Weekend Argus (Saturday Edition)
Teen’s app helps make travel safer
MEDHA Gupta sometimes felt uneasy making the 20-minute walk from the corner where the school bus dropped her off to her home in Virginia, US – especially during the winter when it would get dark early.
Her mother had a suggestion: write an app.
Divya Gupta was half-kidding but Medha, a pupil at Thomas Jefferson High School for Science and Technology, took the challenge seriously.
So she went to work.
“I knew I had a problem I needed to solve,” said Medha, 16.
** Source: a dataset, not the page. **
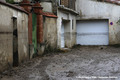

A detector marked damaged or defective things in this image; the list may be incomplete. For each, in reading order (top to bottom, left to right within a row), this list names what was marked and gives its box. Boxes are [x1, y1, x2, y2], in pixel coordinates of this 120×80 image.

peeling plaster wall [0, 3, 28, 71]
peeling plaster wall [57, 9, 76, 48]
peeling plaster wall [76, 0, 120, 44]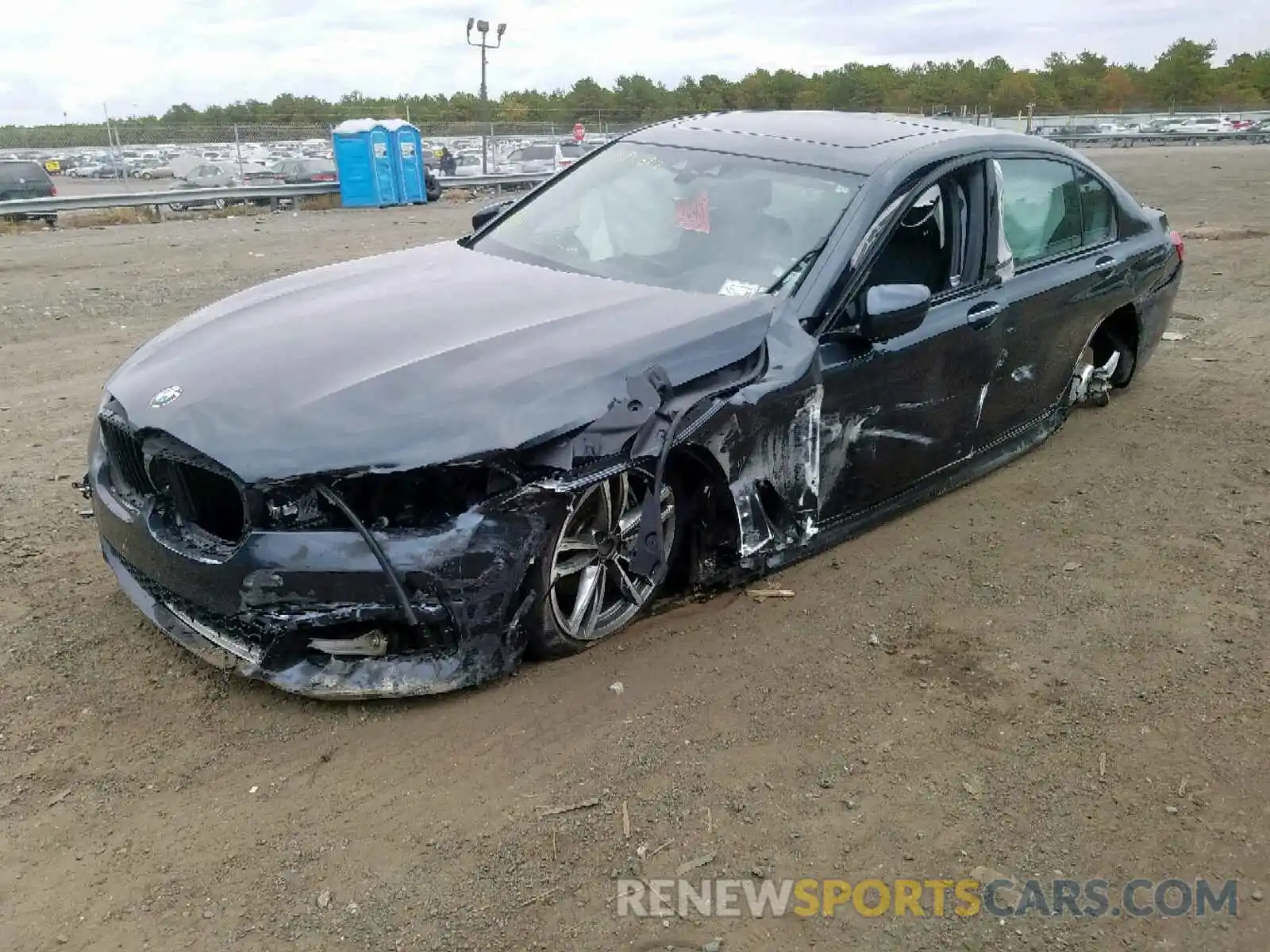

The result was Safe Travel, an app designed by Medha to help commuters feel more secure when travelling alone. Using their iPhone (the app is only compatible with iOS), a person can programme it to send an alert to someone they trust if they don’t arrive at a destination within a certain time.
It was the first iOS app that Medha had created. It’s a programme language she wasn’t wellversed in, so she didn’t think much would come of the project. But her effort caught the eyes of judges for America’s annual Congressional App Challenge, who selected her as the winner for her district.
“We were elated,” said her father, Manmohan, who has a computer engineering background.
The App Challenge is designed to encourage students to consider careers in science, technology, engineering and maths by experimenting with coding and computer science.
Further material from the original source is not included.